*Required action*
Make an exact copy of the records, dropping all pictures.

Short descriptive text snippets:

'''

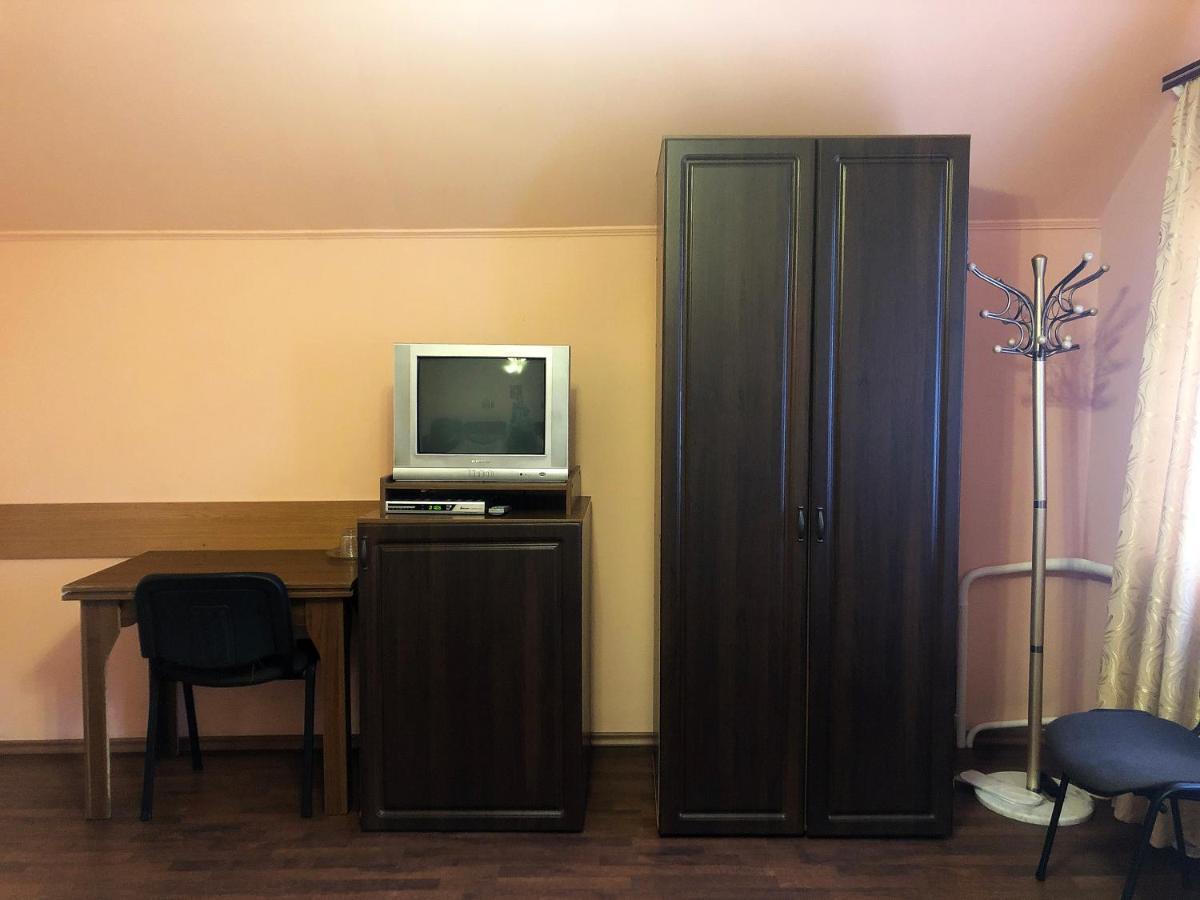 Comfort Hotel Chervonograd Экстерьер фото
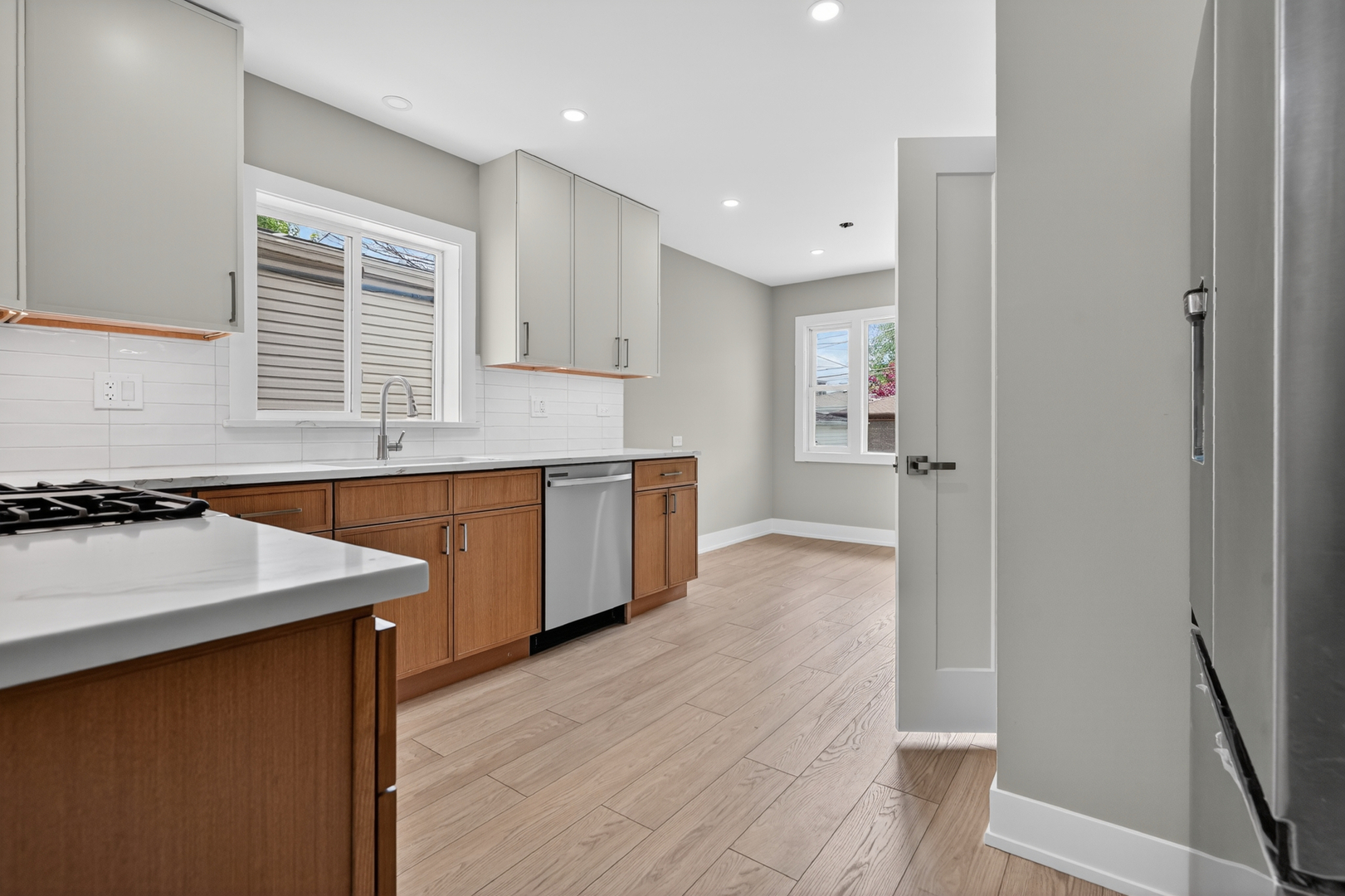 4430 North Mulligan Avenue Chicago IL 60634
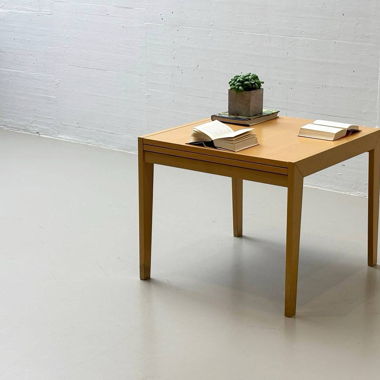 Minimalistischer Esstisch, ausziehbar 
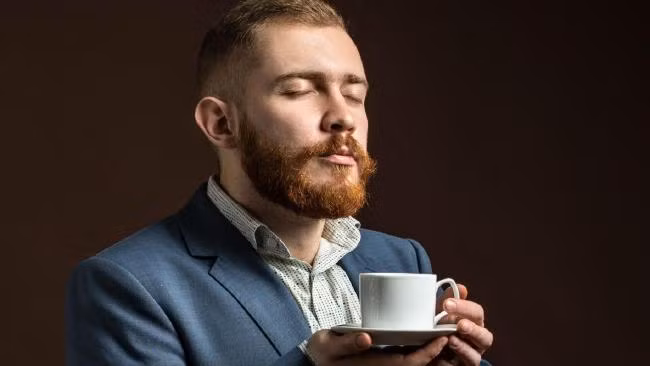 Nhưng sản phẩm quá tốt nào cũng có mặt trái của nó. Các chuyên gia về sức khỏe cảnh báo loại cà phê này có chứa những thành phần không được công khai và khi kết hợp với các chất khác sẽ ảnh hưởng không tốt đến sức khỏe, trong đó có bệnh tim mạch và có thể dẫn đến đau tim. 
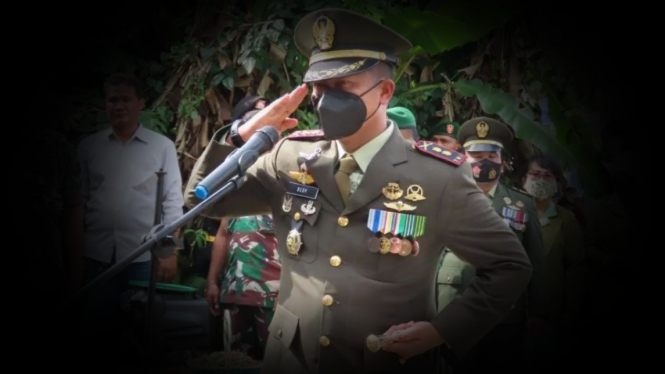 VIVA Militer: Prosesi pemakaman Sertu Irwan.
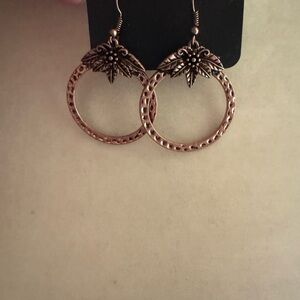 Elegant Gold Hoop Earrings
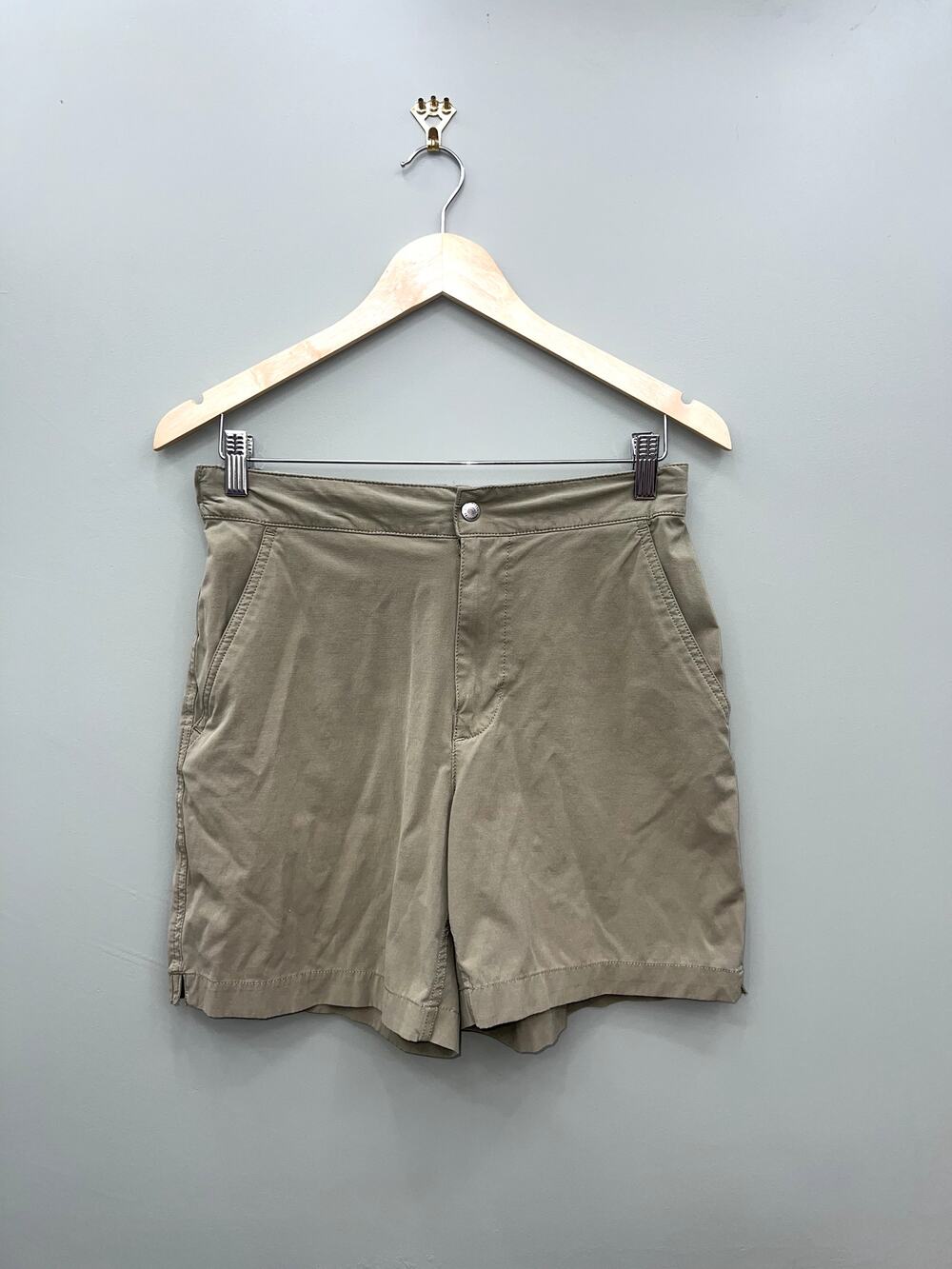 Buck Mason 6" Deck Shorts Olive Green Drawstring Hybrid Shorts Size 30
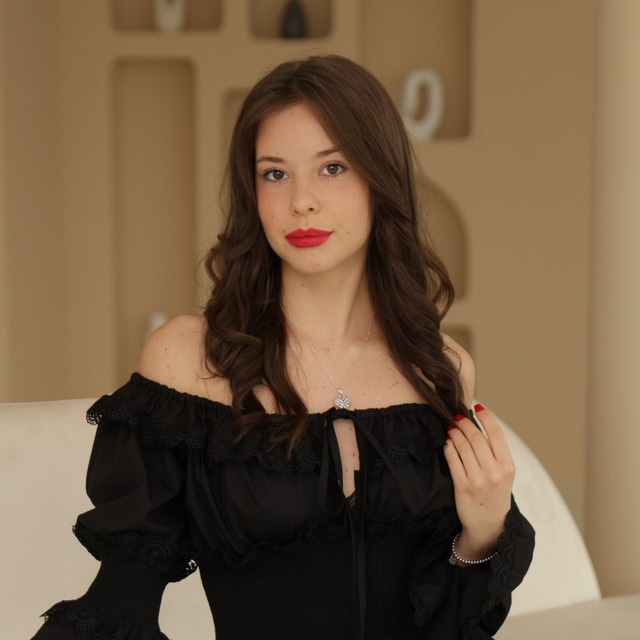 Khrystyna Dekhtiarenko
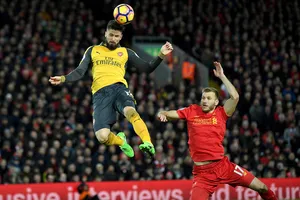 Liverpool (phải) và Arsenal là trận cầu tâm điểm vòng này.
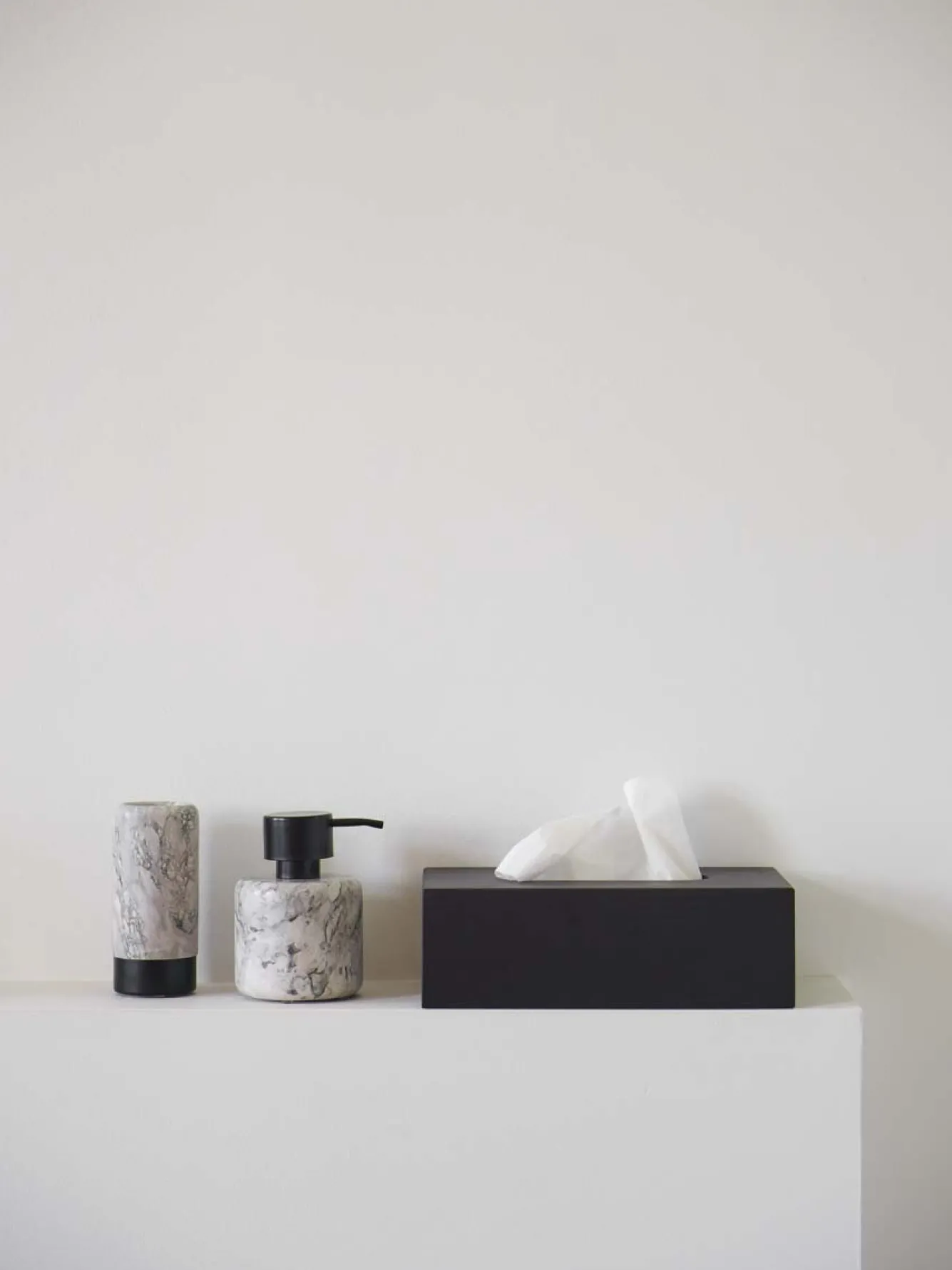 Aquanova Cup / toothbrush holder NERO color Alba (gray)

'''

*Solution to the exercise*
 Comfort Hotel Chervonograd Экстерьер фото
 4430 North Mulligan Avenue Chicago IL 60634
 Minimalistischer Esstisch, ausziehbar 
 Nhưng sản phẩm quá tốt nào cũng có mặt trái của nó. Các chuyên gia về sức khỏe cảnh báo loại cà phê này có chứa những thành phần không được công khai và khi kết hợp với các chất khác sẽ ảnh hưởng không tốt đến sức khỏe, trong đó có bệnh tim mạch và có thể dẫn đến đau tim. 
 VIVA Militer: Prosesi pemakaman Sertu Irwan.
 Elegant Gold Hoop Earrings
 Buck Mason 6" Deck Shorts Olive Green Drawstring Hybrid Shorts Size 30
 Khrystyna Dekhtiarenko
 Liverpool (phải) và Arsenal là trận cầu tâm điểm vòng này.
 Aquanova Cup / toothbrush holder NERO color Alba (gray)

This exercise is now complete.